Toda grande cidade, em meio a suas contradições velozes, suas convulsões impessoais, e suas caóticas indiferenças, é também capaz de guardar segredos e mistérios que nos reconectam com o essencial que há em nós: a nossa história. São Paulo não foge à regra. Como todo gigante, a desvairada assusta à primeira vista. Por outro lado, revela a olhos e coração abertos, portais de comunicação com outros planos de dimensões espaciais e temporais alternativas.
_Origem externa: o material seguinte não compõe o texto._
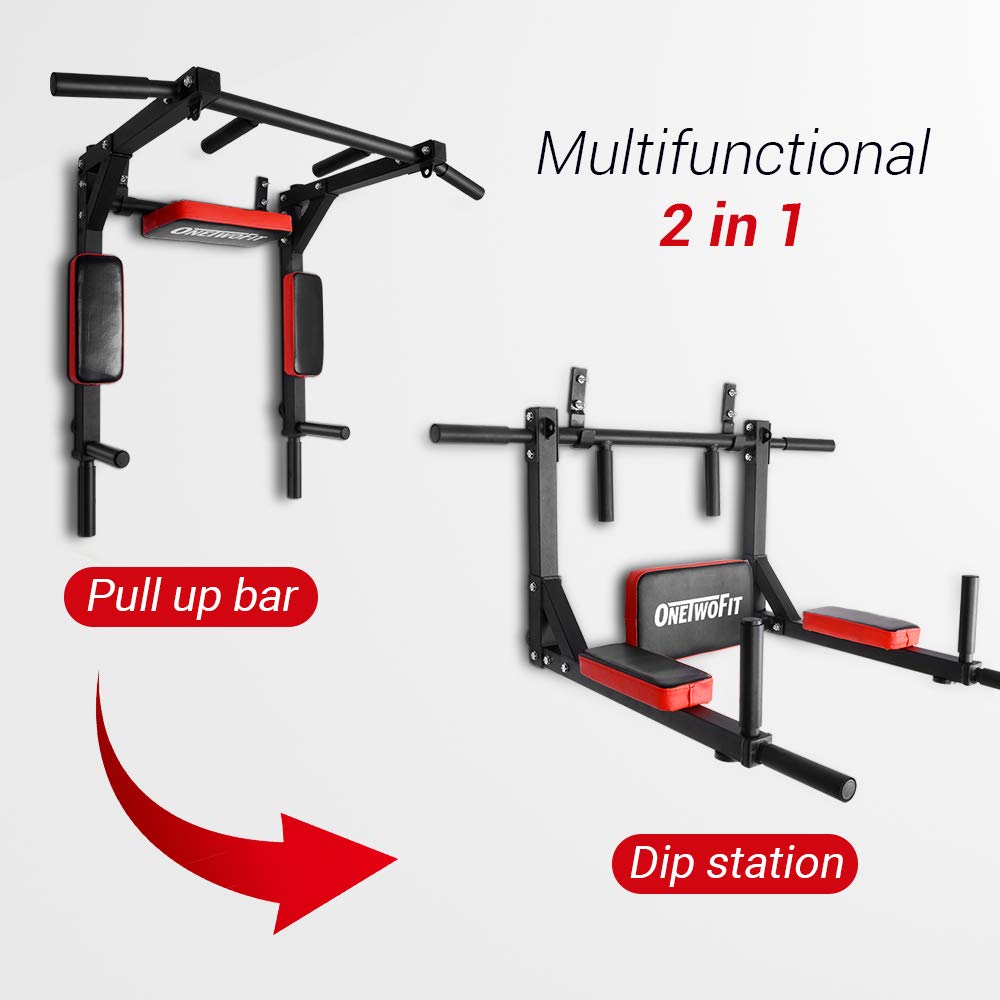 - OneTwoFit Multifunctional Wall Mounted Pull Up Bar/Chin Up bar | Dip Station for Indoor Home Gym -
Esses portais podem ser bairros ou lares. Podem ser pequenos córregos. Ou sons, perfumes, objetos, imagens, ou palavras. Fato é que nos conduzem ao campo das lembranças. Do vapor quentinho do bolo de fubá recém tirado do forno, da impermanência dos brinquedos improvisados com qualquer sucata para as brincadeiras de rua, do cheirinho de goiaba dos quintais antigos, do sonzinho chiado da música tocando na estação mal sintonizada do rádio da cozinha. Lembranças que permitem o regresso aos braços das avós, que nos religam à nossa ancestralidade. Essa ligação é um ativo essencial da memória que conforma a cultura e a identidade de um povo, e vem sendo apagada pelas sociabilidades modernas predominantes, sobretudo nos espaços urbanos.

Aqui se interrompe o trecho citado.